Exercise details> Set down every entry exactly as given. Pictures are to be left out.
───── Data for review
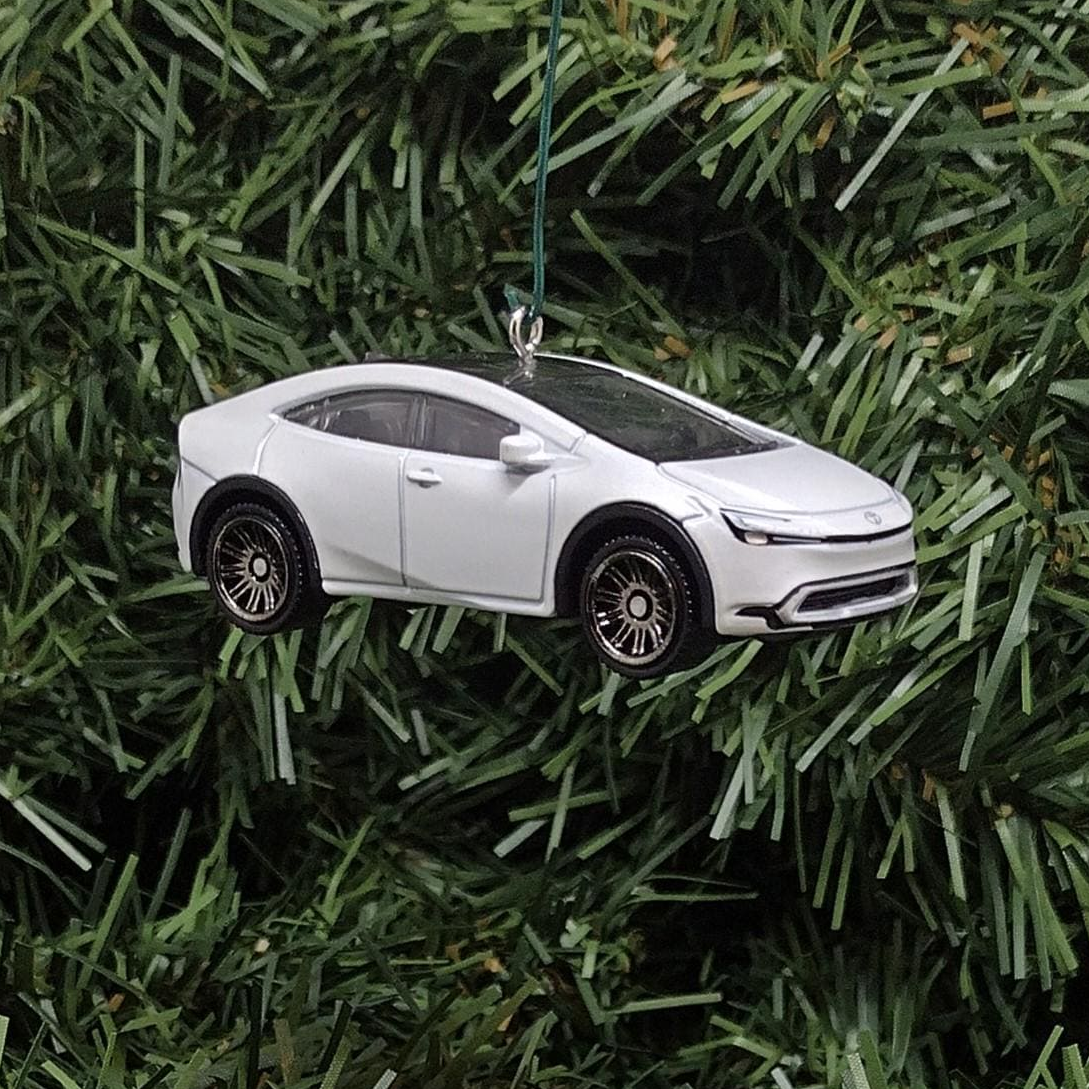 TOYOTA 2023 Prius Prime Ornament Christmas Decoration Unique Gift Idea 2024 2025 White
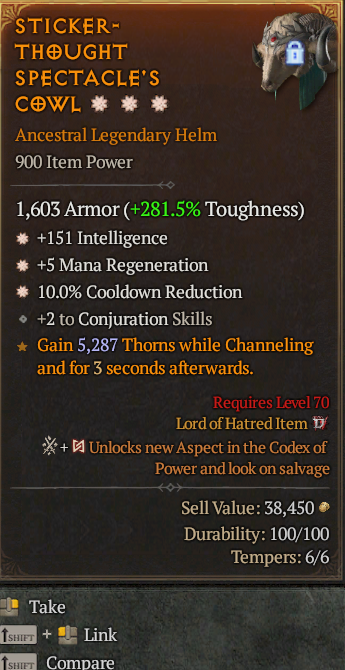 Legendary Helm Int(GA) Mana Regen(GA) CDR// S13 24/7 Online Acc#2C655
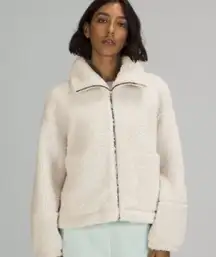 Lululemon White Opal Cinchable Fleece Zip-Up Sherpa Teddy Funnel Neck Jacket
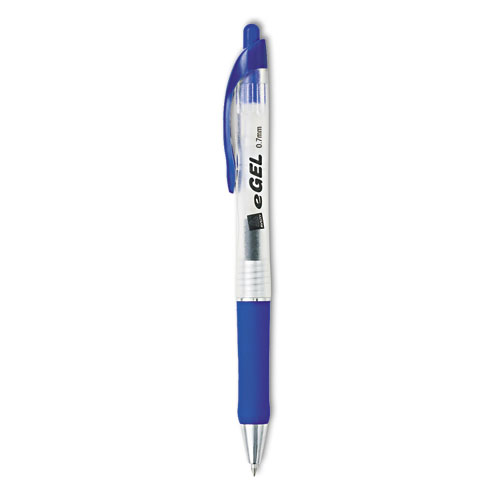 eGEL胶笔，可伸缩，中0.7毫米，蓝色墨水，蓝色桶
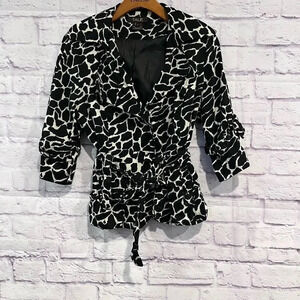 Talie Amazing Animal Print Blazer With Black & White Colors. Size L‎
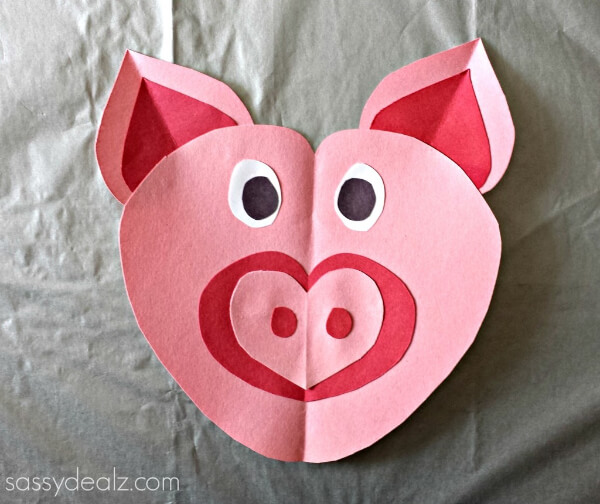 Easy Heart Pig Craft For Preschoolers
──────────
Solution below>
 TOYOTA 2023 Prius Prime Ornament Christmas Decoration Unique Gift Idea 2024 2025 White
 Legendary Helm Int(GA) Mana Regen(GA) CDR// S13 24/7 Online Acc#2C655
 Lululemon White Opal Cinchable Fleece Zip-Up Sherpa Teddy Funnel Neck Jacket
 eGEL胶笔，可伸缩，中0.7毫米，蓝色墨水，蓝色桶
 Talie Amazing Animal Print Blazer With Black & White Colors. Size L‎
 Easy Heart Pig Craft For Preschoolers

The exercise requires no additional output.